A post shared by POPL (@poplburger)

Have a nightcap at: The Bridge Street Kitchen. Slurp a cocktail as you soak up beautiful sunset views of the Nyhavn canal from this outdoor spot right next to the Inner Harbour Bridge. This part of town buzzes with locals chattering as they munch on street food or sip ice cold beers on sunny days. 

READ MORE: Like this? Now read our full guide to Copenhagen 


Have breakfast at: Either your hostel, or grab a pastry from one of Nørrebro’s many great bakeries –  Rondo’s nduja-laced croissants and Bageriet Bengi’s flaky pastries filled with slow-cooked Danish rhubarb come highly recommended. 


A post shared by Rondo Bakery (@rondo_cph)
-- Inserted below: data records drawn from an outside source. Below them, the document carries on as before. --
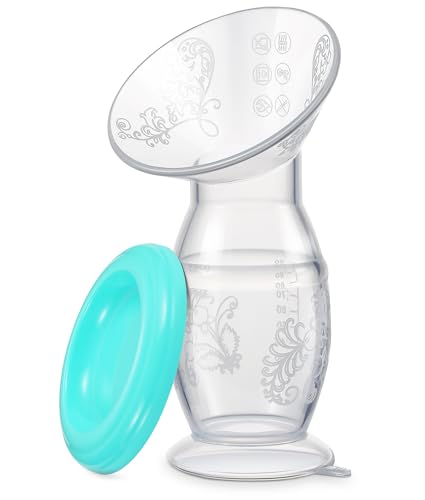 Image of Yohcuro Manual Breast Pump, 4oz Food-Grade & BPA Free Silicone Pump with Lid, Breast Milk Collection, One-Size-Fits-All, High-Temperature Resistant, No-Leak Design (Cyan)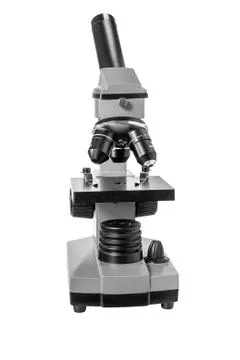 Microscope isolated on white background Stock Photos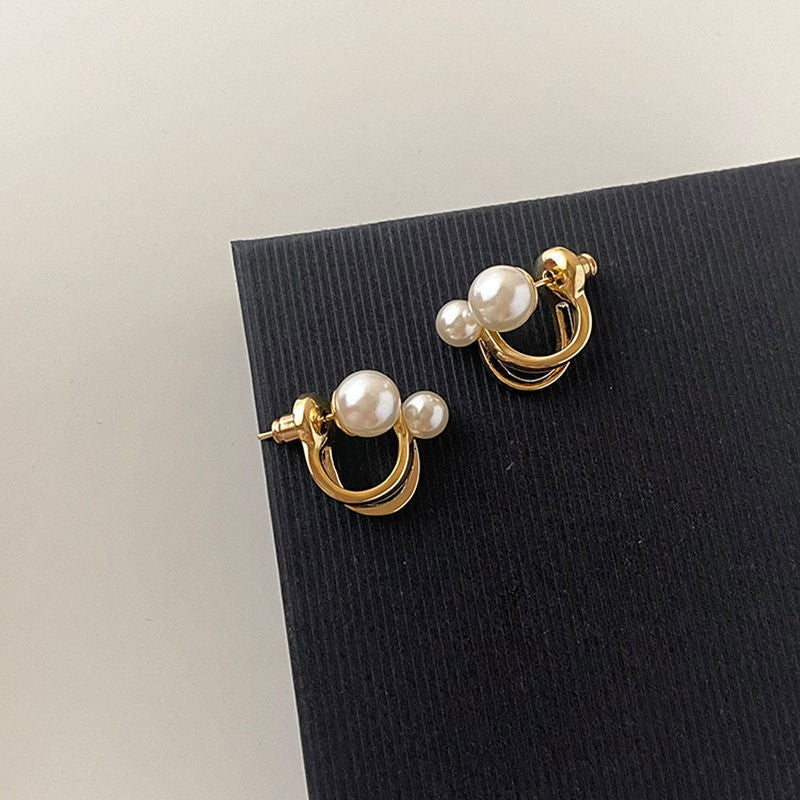 Double Pearl Earrings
Swoon over Danish design at: Designmuseum Danmark, which reopened in June after almost two years of renovation work. The museum is a marvel both inside and out, from its 18th-century rococo façade and peaceful gardens to the eight fascinating exhibitions within.
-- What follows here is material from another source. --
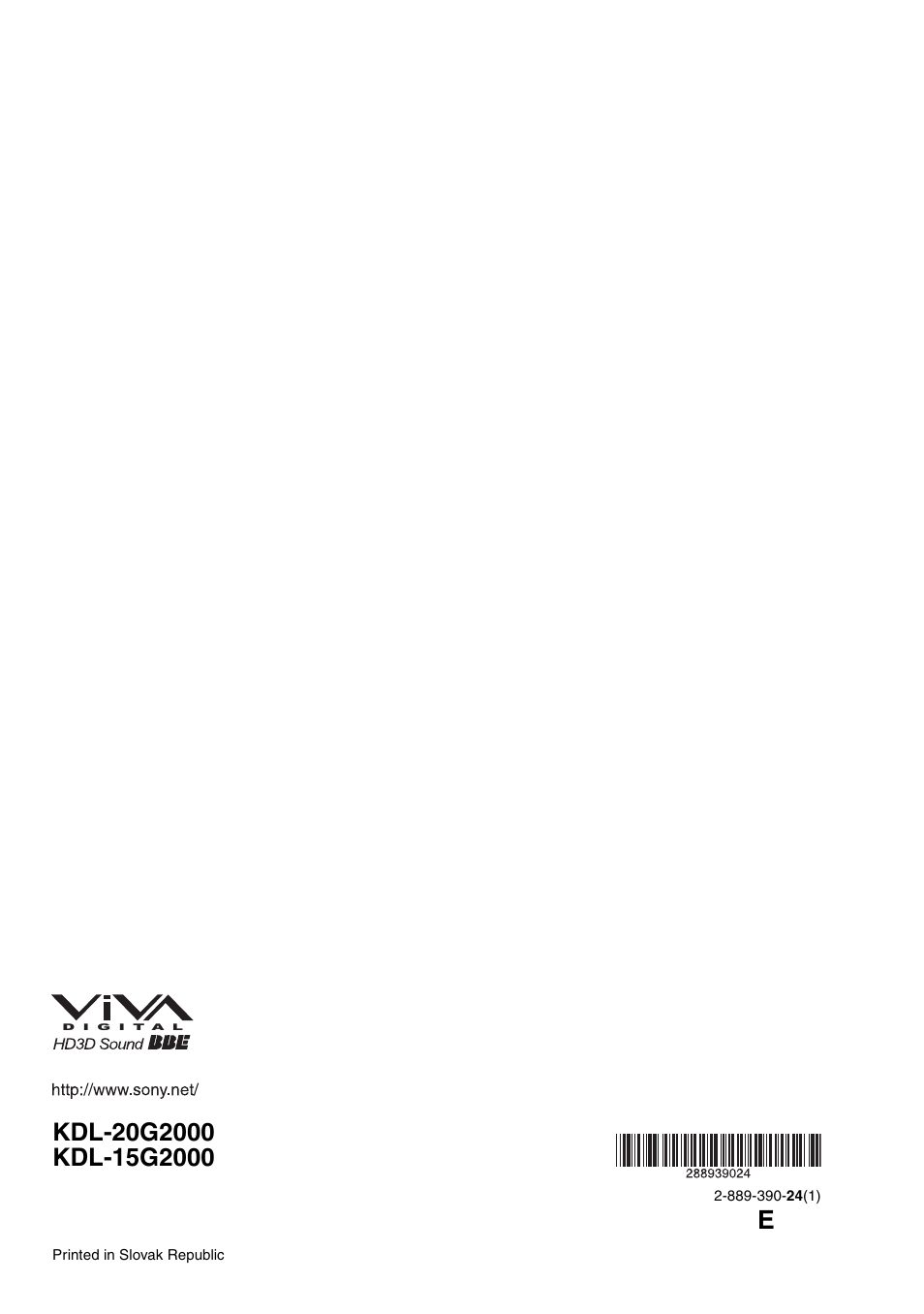 Sony KDL-15G2000 User Manual | Page 140 / 140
The Future is Present (on until 1 June 2023) explores how design can be used as a force for good to solve the many problems the world faces, from climate change to displaced people. Another highlight is Wonder, which beautifully presents some of the museum’s oldest and most treasured objects, from intricately painted snuff boxes to tsubas – elaborately decorated metal mountings for samurai swords. 

The Future is Present exhibition, Designmusem Danmark (Image: Designmuseum Danmark)Image courtesy of Designmuseum Danmark

Have lunch at: Reffen. This sprawling street food venue located in the former industrial harbour area of Refshaleøen is the largest in the Nordics and is crammed with stalls serving up everything from Afghan street food to sushi.

Once you’ve finally made a decision about what to eat and drink, grab your wares and take a front-row seat (well, deckchair) on the man-made beach and gaze out across the harbour. There’s live music here on weekends and a huge on-site club, Werkstatt, located in a converted mechanic shop. 

Reffen street food market (Image courtesy of Reffen - Copenhagen Street Food)Image courtesy of Reffen - Copenhagen Street Food

Take to the water: In summer, Copenhagen’s harbour and Nyhavn canal throng with boats, canoes, kayaks, stand-up paddle boards and, because the water is so clean, even swimmers. Do your bit for the planet by hopping into a Green Kayak – there are collection points dotted around the city’s waterways.

The premise is simple: it’s free to hire the kayaks as long as you litter pick along the way (you’re provided with a bucket and litter picker). Those taking part are also encouraged to take a picture for Instagram to spread the word about the initiative, which started in Copenhagen in 2017 and has since launched in various countries around Europe. 

Green Kayak Copenhagen (Image: Daniel Rasmussen)Image: Daniel Rasmussen

Head back to Nørrebro for dinner: where you really are spoiled for choice when it comes to meal times. Affordable options include Hooked, a chilled seafood restaurant that specialises in incredibly delicate and flavourful fish and chips, UGood, which sells tasty Ugandan street food wraps, and Gao, whose pillowy dumplings are incredibly addictive. 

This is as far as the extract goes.